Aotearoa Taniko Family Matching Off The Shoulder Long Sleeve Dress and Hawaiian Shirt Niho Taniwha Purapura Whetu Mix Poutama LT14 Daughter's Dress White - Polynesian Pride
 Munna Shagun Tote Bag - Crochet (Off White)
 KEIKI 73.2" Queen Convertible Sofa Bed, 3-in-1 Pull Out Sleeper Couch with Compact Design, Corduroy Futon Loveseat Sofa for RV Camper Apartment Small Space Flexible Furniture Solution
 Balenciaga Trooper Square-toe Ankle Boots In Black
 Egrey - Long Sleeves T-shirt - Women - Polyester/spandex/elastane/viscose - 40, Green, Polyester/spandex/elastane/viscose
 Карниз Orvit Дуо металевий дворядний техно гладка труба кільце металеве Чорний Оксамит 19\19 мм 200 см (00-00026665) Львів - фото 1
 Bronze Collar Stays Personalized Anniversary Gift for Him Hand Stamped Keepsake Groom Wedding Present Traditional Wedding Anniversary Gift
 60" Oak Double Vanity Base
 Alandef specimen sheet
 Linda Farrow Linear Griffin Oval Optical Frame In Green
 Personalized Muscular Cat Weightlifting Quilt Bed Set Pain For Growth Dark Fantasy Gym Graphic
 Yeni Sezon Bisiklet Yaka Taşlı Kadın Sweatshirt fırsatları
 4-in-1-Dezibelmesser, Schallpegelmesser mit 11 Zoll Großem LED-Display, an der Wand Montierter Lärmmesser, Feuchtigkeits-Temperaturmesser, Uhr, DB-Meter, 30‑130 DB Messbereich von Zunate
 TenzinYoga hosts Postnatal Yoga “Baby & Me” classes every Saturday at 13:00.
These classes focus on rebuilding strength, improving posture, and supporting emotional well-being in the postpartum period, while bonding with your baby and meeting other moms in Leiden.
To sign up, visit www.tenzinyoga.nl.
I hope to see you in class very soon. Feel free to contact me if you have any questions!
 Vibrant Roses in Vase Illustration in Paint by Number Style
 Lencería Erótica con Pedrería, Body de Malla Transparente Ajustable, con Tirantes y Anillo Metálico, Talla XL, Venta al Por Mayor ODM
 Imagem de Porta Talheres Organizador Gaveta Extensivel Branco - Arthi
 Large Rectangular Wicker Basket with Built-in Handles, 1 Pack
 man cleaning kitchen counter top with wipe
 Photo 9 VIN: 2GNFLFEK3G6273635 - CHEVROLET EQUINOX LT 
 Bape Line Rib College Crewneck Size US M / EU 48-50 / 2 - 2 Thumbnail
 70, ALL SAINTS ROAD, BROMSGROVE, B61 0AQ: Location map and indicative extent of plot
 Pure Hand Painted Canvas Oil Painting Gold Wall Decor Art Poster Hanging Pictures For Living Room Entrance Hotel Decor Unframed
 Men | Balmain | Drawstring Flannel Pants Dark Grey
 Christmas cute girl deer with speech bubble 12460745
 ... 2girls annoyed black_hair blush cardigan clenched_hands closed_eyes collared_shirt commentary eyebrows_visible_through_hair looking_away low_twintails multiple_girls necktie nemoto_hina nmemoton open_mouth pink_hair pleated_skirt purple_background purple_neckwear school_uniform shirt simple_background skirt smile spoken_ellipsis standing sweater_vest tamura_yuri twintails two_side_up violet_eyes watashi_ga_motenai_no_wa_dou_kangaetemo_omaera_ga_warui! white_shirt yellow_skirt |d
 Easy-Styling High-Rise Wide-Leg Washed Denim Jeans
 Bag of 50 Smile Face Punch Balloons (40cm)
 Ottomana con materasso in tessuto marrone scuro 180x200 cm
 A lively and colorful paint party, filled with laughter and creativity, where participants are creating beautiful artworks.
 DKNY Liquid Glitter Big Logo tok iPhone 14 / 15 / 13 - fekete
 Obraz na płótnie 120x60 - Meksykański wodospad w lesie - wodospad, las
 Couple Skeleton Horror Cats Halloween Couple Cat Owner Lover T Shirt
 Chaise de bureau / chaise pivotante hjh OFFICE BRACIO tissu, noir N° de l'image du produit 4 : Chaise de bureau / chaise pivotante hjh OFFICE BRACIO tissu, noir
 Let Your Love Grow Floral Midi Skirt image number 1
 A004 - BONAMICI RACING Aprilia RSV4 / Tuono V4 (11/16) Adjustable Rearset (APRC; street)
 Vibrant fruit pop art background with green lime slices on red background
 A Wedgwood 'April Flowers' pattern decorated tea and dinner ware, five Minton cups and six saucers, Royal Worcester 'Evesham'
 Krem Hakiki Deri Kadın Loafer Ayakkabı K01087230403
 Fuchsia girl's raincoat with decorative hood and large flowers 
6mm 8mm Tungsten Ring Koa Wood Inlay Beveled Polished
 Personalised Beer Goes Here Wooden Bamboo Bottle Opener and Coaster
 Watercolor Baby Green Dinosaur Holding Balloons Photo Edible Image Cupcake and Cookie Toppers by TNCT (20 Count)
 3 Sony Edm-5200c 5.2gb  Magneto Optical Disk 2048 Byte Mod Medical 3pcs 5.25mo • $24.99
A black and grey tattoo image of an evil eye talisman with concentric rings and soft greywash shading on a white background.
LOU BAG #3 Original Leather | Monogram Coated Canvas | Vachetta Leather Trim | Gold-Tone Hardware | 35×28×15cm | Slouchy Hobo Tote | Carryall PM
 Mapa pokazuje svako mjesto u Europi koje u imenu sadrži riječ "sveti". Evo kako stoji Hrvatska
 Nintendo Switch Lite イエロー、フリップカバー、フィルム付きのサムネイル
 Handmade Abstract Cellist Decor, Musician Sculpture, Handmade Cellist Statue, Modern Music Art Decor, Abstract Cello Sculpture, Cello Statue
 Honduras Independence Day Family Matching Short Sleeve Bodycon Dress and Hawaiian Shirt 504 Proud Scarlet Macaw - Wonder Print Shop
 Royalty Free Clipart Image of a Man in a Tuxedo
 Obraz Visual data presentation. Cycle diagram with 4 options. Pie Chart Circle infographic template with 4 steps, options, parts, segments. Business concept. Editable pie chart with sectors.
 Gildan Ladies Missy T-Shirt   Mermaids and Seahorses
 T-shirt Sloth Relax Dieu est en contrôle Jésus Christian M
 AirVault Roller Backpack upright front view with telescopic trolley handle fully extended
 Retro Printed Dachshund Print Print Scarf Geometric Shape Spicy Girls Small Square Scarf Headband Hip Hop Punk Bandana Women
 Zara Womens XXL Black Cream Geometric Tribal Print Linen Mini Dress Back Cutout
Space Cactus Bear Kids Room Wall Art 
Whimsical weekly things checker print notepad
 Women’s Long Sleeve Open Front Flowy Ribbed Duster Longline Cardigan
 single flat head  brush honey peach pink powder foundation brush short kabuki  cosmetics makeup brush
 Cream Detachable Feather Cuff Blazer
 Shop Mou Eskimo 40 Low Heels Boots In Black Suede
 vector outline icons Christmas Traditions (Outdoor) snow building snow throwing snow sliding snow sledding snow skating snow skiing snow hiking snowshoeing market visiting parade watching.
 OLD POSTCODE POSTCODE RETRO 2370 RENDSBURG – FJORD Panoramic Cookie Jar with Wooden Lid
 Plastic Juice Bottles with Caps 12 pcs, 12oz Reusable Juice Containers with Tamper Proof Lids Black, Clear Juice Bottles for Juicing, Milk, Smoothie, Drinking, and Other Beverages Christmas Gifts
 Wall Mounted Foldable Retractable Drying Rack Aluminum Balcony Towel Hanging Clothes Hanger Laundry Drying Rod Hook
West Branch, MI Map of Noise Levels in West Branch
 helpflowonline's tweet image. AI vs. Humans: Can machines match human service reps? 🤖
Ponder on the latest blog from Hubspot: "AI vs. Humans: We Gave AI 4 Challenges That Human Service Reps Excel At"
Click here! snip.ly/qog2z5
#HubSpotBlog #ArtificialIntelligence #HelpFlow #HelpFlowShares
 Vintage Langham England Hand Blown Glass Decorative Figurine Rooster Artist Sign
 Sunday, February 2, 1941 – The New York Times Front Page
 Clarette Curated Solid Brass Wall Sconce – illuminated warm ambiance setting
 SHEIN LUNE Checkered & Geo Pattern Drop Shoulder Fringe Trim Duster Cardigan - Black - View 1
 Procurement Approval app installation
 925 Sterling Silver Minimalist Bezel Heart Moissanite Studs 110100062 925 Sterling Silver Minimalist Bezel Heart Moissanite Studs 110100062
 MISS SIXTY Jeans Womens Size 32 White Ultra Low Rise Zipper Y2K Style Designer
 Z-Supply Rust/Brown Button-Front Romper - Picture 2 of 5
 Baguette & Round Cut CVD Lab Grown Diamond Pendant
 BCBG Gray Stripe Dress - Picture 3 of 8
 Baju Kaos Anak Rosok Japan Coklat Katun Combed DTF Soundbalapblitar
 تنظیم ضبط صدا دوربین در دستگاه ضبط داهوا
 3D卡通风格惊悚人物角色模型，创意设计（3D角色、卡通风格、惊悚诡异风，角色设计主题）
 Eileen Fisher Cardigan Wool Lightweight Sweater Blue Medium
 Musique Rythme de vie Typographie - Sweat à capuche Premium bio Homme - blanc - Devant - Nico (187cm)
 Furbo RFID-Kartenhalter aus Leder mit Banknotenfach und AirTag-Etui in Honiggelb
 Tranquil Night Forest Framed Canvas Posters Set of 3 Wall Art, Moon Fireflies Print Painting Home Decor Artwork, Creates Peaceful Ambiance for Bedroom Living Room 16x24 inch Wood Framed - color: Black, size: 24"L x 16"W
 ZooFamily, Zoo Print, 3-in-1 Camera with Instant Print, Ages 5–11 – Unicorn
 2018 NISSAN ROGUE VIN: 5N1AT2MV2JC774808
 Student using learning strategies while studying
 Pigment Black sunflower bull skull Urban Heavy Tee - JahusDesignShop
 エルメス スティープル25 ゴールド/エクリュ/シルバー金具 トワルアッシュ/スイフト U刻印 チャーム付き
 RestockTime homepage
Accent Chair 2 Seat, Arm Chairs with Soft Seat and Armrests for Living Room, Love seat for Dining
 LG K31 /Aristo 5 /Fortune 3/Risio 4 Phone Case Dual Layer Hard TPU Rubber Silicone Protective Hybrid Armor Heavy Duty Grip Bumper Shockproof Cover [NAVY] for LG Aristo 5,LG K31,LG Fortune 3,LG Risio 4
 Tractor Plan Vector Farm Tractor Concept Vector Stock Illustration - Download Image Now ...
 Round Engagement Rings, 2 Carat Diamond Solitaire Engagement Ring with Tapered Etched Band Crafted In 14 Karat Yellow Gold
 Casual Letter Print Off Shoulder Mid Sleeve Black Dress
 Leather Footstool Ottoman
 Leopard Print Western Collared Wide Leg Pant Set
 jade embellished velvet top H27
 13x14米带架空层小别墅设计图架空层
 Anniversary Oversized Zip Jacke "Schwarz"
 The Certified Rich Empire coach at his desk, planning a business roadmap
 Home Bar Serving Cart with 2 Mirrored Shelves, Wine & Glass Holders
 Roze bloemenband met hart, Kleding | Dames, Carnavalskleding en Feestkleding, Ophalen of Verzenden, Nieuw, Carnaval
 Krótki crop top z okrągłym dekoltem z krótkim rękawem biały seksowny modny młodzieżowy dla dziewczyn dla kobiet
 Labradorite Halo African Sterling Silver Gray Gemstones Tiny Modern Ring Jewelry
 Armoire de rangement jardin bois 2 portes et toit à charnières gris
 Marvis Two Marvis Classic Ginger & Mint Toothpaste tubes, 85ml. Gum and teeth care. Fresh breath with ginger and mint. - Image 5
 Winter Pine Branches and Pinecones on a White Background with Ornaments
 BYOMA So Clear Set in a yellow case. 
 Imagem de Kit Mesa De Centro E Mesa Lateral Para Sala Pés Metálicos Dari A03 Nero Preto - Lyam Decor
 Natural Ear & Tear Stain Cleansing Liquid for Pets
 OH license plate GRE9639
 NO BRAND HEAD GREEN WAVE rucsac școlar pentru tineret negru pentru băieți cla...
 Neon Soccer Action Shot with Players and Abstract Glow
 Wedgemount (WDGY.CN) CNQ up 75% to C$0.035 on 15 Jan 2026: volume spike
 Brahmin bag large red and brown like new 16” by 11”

- - - -

* **Task details**
Reproduce exactly the stretch of lines that starts at the one containing "The Certified Rich" and ends with the final line of the data, including both ends and nothing more.

* **Answer for this exercise**
 The Certified Rich Empire coach at his desk, planning a business roadmap
 Home Bar Serving Cart with 2 Mirrored Shelves, Wine & Glass Holders
 Roze bloemenband met hart, Kleding | Dames, Carnavalskleding en Feestkleding, Ophalen of Verzenden, Nieuw, Carnaval
 Krótki crop top z okrągłym dekoltem z krótkim rękawem biały seksowny modny młodzieżowy dla dziewczyn dla kobiet
 Labradorite Halo African Sterling Silver Gray Gemstones Tiny Modern Ring Jewelry
 Armoire de rangement jardin bois 2 portes et toit à charnières gris
 Marvis Two Marvis Classic Ginger & Mint Toothpaste tubes, 85ml. Gum and teeth care. Fresh breath with ginger and mint. - Image 5
 Winter Pine Branches and Pinecones on a White Background with Ornaments
 BYOMA So Clear Set in a yellow case. 
 Imagem de Kit Mesa De Centro E Mesa Lateral Para Sala Pés Metálicos Dari A03 Nero Preto - Lyam Decor
 Natural Ear & Tear Stain Cleansing Liquid for Pets
 OH license plate GRE9639
 NO BRAND HEAD GREEN WAVE rucsac școlar pentru tineret negru pentru băieți cla...
 Neon Soccer Action Shot with Players and Abstract Glow
 Wedgemount (WDGY.CN) CNQ up 75% to C$0.035 on 15 Jan 2026: volume spike
 Brahmin bag large red and brown like new 16” by 11”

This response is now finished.